DATA BELOW:
=== Begin Enclosure ===

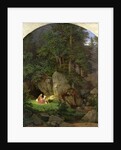 Genoveva in the Wood Clearing, 1839-41 by Ludwig Adrian Richter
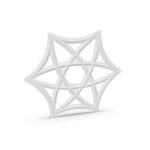 Abstracta Airflake Line Open Wall-Mounted Core Pattern Acoustic Wall Panel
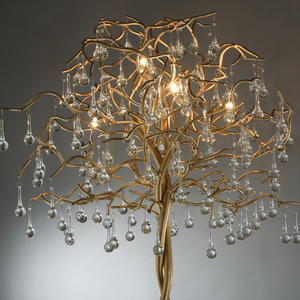 ICICLE 232-11 Mosadzná stojaca lampa, 5xG9 small 11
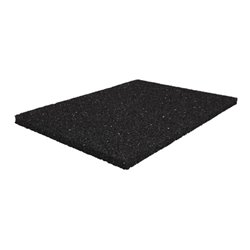 Bautenschutzmatte B.1,25m L.10m D.8mm schwarz Granulatgummi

=== End Enclosure ===

TASK GOAL: Please write out all the data word for word, but keep every picture out.

WRITTEN RESPONSE:
 Genoveva in the Wood Clearing, 1839-41 by Ludwig Adrian Richter
 Abstracta Airflake Line Open Wall-Mounted Core Pattern Acoustic Wall Panel
 ICICLE 232-11 Mosadzná stojaca lampa, 5xG9 small 11
 Bautenschutzmatte B.1,25m L.10m D.8mm schwarz Granulatgummi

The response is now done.